§ **DESCRIPTION OF THE TASK**
Reproduce exactly, and only, the lines of the material below running from the line bearing "Сколько таймов в гандболе" through the line bearing "Gambar 2.1 Skema kerangka pemikiran". Leave any pictures out.

§ **INPUT DATA**
══════════
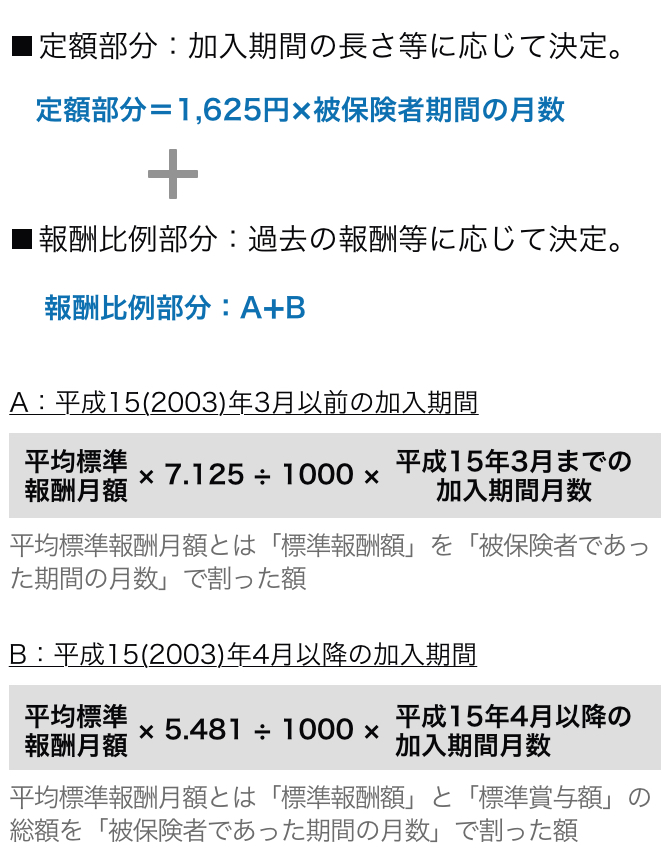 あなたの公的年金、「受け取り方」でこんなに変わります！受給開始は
══════════
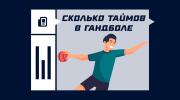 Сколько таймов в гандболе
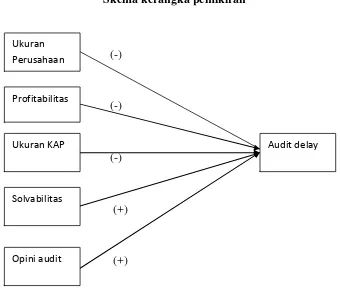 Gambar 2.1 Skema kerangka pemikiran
══════════
§ **ANSWER TO THIS PROBLEM**
 Сколько таймов в гандболе
 Gambar 2.1 Skema kerangka pemikiran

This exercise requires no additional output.